How projects provide opportunities for deeper thinking in the classroom.

I think that useful projects are the application of facts and details. Some projects can help to organize the information to make it more visual or to see the relationship of the details to each other. A weak project is for reiterating the facts that were memorized. A good project makes you think about the material and apply it. A powerpoint just puts the details in a nice order with pretty colors and pictures. It doesn't help you to understand the material, and students spend so much time on the prettiness of the slides that they pay little attention to the content. A research project will allow a student to learn facts plus how those facts affect other facts (cause and effect). You find real-life and scenario examples. A project can encourage students to think more about the topic instead of just reading the material. A high level project could help with mastery of the material instead of just memorization. I push for projects that use prior knowledge and apply it to new situations. Group projects don't always help students to understand the material. Some students don't contribute or contribute less than others. You are not able to truly see who does and does not understand the the material. Group projects are not accurate assessments. Doing Powerpoint slides of the materials does allow for students to "handle" and think about the material, but that is like fancy notes. You can have a good Powerpoint and not understand the material. Students could also plagiarize. It depends on the quality of the project assigned.

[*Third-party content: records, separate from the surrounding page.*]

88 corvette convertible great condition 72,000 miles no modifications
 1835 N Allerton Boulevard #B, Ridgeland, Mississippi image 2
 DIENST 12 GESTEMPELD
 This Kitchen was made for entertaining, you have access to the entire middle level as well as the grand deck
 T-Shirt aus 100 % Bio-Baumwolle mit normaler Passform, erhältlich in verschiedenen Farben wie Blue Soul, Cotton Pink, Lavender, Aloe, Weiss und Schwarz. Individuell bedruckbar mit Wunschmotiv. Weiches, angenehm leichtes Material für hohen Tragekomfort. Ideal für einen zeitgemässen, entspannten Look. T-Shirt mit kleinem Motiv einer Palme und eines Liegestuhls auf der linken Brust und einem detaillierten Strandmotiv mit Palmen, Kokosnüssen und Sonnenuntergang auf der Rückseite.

  1. I like how you wrote about the "thinking" involved in an assigned project as opposed to just "presenting" material in Powerpoint form. I agree that students do not always aprticipate as a team in Powerpoint projects. I like to see my students apply thier knowledge and give their opinions about the assigned topics. I enjoyed reading you blog! Annie

  2. I agree with you about the validity of a PowerPoint presentation as a "project". We must be specific as to what type of project we expect from students. I am not a fan of group project either. Too often, one student tends to pull the weight of the group in order to get that good grade. I do like cooperative grouping for the planning process, then allow each student to create their own project.